Work request:
Each line below from the one containing "ハイドハウス(1K/1階)の間取り写真" through the one containing "Free Vector watercolor" should be output exactly as it stands, and no other line should appear.

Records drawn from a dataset
####################

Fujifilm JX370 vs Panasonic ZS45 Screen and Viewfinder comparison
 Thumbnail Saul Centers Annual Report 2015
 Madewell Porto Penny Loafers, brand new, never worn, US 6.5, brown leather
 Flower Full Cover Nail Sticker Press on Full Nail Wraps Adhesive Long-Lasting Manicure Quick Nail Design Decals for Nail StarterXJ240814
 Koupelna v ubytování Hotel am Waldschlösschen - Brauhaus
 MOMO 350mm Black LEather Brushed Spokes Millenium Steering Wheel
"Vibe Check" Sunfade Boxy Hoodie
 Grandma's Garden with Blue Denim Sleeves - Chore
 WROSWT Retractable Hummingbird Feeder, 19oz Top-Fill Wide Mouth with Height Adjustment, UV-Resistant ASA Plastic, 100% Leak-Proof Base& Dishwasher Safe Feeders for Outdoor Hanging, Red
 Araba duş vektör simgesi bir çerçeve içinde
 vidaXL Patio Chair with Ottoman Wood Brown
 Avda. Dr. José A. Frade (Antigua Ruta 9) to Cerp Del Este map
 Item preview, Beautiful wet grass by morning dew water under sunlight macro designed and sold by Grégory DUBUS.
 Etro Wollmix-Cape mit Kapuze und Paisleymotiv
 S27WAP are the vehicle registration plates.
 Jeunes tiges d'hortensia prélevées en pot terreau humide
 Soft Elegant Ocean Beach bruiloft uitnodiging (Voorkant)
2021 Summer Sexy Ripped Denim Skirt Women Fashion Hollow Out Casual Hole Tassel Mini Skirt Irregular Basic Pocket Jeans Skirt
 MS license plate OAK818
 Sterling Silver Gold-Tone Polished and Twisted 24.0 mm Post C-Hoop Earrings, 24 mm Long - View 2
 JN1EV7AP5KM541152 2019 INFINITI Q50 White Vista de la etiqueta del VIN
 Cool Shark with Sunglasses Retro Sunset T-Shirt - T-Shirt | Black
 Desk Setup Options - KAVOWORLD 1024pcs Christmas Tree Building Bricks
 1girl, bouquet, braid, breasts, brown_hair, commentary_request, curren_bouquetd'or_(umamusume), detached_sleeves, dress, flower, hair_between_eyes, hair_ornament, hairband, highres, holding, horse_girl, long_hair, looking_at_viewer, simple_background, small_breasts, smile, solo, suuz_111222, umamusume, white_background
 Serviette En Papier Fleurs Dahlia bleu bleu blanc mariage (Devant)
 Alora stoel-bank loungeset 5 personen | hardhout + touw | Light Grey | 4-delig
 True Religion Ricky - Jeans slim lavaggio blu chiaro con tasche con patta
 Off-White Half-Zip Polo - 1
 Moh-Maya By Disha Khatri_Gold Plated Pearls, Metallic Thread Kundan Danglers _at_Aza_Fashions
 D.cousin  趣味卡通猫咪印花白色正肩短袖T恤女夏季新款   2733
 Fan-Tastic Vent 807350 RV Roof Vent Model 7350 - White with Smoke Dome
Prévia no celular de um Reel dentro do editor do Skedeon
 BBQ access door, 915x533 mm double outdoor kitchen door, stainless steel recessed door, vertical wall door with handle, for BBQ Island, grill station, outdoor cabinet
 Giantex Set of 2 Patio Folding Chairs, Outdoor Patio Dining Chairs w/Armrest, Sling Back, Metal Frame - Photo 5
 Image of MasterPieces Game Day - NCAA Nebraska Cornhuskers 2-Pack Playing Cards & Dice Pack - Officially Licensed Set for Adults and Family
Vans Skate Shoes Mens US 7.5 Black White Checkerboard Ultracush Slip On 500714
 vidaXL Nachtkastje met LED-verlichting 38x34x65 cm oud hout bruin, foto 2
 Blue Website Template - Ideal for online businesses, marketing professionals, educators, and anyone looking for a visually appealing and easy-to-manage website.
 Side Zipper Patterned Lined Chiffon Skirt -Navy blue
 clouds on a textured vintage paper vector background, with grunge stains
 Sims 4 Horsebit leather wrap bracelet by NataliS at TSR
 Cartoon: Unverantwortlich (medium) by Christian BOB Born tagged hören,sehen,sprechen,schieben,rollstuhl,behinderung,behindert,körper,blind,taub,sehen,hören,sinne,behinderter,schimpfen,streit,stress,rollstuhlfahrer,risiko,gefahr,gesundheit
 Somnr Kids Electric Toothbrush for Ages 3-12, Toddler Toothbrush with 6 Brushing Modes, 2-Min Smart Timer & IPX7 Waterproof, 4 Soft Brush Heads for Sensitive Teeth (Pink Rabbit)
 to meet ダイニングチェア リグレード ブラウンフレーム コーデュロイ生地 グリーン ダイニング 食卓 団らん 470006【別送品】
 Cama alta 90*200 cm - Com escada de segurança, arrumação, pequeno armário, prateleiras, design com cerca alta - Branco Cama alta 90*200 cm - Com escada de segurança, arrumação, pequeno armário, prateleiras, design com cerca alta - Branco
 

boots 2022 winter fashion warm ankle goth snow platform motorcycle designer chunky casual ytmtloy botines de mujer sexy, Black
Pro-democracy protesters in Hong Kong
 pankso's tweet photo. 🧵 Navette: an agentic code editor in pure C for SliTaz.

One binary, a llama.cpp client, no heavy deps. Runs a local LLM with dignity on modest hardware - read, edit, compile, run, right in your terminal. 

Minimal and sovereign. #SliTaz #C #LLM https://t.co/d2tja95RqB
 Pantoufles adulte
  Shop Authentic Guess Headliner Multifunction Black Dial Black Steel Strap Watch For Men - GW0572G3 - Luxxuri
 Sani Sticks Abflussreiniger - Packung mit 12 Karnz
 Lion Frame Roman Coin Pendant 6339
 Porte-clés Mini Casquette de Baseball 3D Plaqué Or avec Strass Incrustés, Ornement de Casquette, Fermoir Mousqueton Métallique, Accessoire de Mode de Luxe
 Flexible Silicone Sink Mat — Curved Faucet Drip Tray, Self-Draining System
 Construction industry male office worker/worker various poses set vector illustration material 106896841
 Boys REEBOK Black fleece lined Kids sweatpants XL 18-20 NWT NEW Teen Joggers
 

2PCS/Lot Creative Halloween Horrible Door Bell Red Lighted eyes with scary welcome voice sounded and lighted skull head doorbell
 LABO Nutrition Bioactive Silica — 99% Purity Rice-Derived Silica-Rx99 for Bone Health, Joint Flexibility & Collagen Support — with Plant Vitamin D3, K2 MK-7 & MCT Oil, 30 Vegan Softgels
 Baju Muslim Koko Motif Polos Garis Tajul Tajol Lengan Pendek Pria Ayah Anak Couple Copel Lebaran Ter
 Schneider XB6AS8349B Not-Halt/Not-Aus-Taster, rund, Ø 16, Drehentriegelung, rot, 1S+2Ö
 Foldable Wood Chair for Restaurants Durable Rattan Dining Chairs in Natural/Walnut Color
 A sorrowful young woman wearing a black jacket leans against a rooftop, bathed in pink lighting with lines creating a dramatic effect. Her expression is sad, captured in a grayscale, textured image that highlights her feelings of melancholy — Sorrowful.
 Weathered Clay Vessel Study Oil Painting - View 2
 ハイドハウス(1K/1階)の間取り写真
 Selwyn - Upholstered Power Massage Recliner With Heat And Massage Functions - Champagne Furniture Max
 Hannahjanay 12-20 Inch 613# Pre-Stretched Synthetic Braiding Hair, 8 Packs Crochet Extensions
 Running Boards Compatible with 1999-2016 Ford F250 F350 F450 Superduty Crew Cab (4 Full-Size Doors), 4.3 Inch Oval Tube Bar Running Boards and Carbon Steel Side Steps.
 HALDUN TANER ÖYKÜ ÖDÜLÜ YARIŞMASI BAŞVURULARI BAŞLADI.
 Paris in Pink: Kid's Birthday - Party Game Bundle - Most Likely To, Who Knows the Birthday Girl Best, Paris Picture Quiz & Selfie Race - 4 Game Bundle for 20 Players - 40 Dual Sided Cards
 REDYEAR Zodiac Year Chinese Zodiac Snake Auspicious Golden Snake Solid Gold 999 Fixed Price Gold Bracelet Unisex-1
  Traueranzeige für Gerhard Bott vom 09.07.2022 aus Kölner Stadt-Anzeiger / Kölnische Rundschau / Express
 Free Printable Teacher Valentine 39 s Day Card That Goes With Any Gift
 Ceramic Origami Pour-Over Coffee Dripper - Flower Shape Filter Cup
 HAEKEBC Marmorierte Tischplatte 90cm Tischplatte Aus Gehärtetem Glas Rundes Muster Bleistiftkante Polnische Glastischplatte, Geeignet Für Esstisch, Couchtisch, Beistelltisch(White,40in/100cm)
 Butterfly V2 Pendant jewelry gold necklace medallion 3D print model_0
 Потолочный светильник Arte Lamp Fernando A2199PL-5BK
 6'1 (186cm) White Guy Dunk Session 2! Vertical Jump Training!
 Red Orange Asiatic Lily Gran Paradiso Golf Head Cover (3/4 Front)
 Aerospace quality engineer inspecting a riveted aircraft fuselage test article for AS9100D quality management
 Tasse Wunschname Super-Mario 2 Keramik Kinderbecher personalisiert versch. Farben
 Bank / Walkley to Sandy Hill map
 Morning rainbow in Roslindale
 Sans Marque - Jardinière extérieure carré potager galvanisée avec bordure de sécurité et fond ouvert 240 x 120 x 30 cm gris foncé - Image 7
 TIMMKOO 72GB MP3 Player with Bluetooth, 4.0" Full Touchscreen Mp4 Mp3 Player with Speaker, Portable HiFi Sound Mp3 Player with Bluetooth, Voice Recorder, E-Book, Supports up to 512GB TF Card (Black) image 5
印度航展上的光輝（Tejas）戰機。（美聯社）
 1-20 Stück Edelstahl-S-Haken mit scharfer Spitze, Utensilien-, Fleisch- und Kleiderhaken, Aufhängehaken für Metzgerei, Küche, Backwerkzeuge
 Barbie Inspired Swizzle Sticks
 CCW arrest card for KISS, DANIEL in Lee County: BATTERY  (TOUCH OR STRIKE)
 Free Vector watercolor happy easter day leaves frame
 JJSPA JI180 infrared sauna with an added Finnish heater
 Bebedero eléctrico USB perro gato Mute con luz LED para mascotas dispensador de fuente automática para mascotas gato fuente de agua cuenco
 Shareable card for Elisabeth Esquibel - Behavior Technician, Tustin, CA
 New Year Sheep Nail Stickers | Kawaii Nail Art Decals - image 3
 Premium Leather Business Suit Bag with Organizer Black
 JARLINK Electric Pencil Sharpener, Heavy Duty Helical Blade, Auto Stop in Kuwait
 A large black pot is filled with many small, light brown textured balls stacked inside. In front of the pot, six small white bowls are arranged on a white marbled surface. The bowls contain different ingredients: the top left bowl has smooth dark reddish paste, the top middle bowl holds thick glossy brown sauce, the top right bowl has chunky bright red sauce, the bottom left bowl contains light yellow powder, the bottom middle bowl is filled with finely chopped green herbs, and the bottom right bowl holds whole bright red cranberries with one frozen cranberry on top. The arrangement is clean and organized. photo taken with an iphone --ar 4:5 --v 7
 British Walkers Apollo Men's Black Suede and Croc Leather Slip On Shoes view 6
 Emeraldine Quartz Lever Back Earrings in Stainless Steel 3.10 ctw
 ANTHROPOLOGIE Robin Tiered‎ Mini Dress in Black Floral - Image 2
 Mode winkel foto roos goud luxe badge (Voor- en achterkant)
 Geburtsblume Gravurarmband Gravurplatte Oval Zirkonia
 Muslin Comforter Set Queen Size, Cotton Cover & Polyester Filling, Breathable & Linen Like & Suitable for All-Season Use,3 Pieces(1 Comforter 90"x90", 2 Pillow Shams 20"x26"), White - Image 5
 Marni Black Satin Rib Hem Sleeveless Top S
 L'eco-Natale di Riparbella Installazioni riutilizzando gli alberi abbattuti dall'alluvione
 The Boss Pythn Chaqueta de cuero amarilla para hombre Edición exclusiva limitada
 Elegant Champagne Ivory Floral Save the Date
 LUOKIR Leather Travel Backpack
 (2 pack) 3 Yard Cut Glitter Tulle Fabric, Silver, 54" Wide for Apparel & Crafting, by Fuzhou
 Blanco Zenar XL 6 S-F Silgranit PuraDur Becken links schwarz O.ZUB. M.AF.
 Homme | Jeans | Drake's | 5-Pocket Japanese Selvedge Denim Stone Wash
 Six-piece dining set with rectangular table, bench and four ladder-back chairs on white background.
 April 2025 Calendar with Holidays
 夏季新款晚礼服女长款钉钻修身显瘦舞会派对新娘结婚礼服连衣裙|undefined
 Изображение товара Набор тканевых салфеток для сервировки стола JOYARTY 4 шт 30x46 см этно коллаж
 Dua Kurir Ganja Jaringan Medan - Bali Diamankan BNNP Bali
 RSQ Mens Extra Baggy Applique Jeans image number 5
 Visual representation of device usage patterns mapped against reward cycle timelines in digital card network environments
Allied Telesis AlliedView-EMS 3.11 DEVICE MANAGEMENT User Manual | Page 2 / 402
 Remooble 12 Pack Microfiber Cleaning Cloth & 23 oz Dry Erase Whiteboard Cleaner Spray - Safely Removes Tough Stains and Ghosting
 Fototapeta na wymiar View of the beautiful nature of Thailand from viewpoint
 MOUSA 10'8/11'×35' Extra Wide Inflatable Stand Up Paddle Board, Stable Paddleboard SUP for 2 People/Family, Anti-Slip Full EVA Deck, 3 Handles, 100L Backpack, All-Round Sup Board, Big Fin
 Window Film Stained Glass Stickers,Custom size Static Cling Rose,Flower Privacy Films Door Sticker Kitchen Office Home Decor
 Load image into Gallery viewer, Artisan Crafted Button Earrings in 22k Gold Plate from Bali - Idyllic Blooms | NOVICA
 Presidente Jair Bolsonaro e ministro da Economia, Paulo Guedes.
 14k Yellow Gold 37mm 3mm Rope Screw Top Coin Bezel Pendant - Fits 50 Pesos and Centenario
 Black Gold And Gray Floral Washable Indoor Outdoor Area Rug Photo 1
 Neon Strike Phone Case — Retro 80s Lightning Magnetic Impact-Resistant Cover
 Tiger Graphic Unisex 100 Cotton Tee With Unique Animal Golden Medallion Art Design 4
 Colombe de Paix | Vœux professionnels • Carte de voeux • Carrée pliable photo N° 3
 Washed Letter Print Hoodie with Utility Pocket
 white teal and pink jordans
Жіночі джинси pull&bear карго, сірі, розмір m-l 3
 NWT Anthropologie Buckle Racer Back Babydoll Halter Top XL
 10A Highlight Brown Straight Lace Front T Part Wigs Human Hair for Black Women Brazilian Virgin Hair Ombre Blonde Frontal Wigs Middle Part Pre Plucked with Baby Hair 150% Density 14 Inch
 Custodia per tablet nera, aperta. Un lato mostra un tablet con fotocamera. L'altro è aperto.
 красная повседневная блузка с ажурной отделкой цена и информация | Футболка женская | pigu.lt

####################

Finished exercise:
 ハイドハウス(1K/1階)の間取り写真
 Selwyn - Upholstered Power Massage Recliner With Heat And Massage Functions - Champagne Furniture Max
 Hannahjanay 12-20 Inch 613# Pre-Stretched Synthetic Braiding Hair, 8 Packs Crochet Extensions
 Running Boards Compatible with 1999-2016 Ford F250 F350 F450 Superduty Crew Cab (4 Full-Size Doors), 4.3 Inch Oval Tube Bar Running Boards and Carbon Steel Side Steps.
 HALDUN TANER ÖYKÜ ÖDÜLÜ YARIŞMASI BAŞVURULARI BAŞLADI.
 Paris in Pink: Kid's Birthday - Party Game Bundle - Most Likely To, Who Knows the Birthday Girl Best, Paris Picture Quiz & Selfie Race - 4 Game Bundle for 20 Players - 40 Dual Sided Cards
 REDYEAR Zodiac Year Chinese Zodiac Snake Auspicious Golden Snake Solid Gold 999 Fixed Price Gold Bracelet Unisex-1
  Traueranzeige für Gerhard Bott vom 09.07.2022 aus Kölner Stadt-Anzeiger / Kölnische Rundschau / Express
 Free Printable Teacher Valentine 39 s Day Card That Goes With Any Gift
 Ceramic Origami Pour-Over Coffee Dripper - Flower Shape Filter Cup
 HAEKEBC Marmorierte Tischplatte 90cm Tischplatte Aus Gehärtetem Glas Rundes Muster Bleistiftkante Polnische Glastischplatte, Geeignet Für Esstisch, Couchtisch, Beistelltisch(White,40in/100cm)
 Butterfly V2 Pendant jewelry gold necklace medallion 3D print model_0
 Потолочный светильник Arte Lamp Fernando A2199PL-5BK
 6'1 (186cm) White Guy Dunk Session 2! Vertical Jump Training!
 Red Orange Asiatic Lily Gran Paradiso Golf Head Cover (3/4 Front)
 Aerospace quality engineer inspecting a riveted aircraft fuselage test article for AS9100D quality management
 Tasse Wunschname Super-Mario 2 Keramik Kinderbecher personalisiert versch. Farben
 Bank / Walkley to Sandy Hill map
 Morning rainbow in Roslindale
 Sans Marque - Jardinière extérieure carré potager galvanisée avec bordure de sécurité et fond ouvert 240 x 120 x 30 cm gris foncé - Image 7
 TIMMKOO 72GB MP3 Player with Bluetooth, 4.0" Full Touchscreen Mp4 Mp3 Player with Speaker, Portable HiFi Sound Mp3 Player with Bluetooth, Voice Recorder, E-Book, Supports up to 512GB TF Card (Black) image 5
印度航展上的光輝（Tejas）戰機。（美聯社）
 1-20 Stück Edelstahl-S-Haken mit scharfer Spitze, Utensilien-, Fleisch- und Kleiderhaken, Aufhängehaken für Metzgerei, Küche, Backwerkzeuge
 Barbie Inspired Swizzle Sticks
 CCW arrest card for KISS, DANIEL in Lee County: BATTERY  (TOUCH OR STRIKE)
 Free Vector watercolor happy easter day leaves frame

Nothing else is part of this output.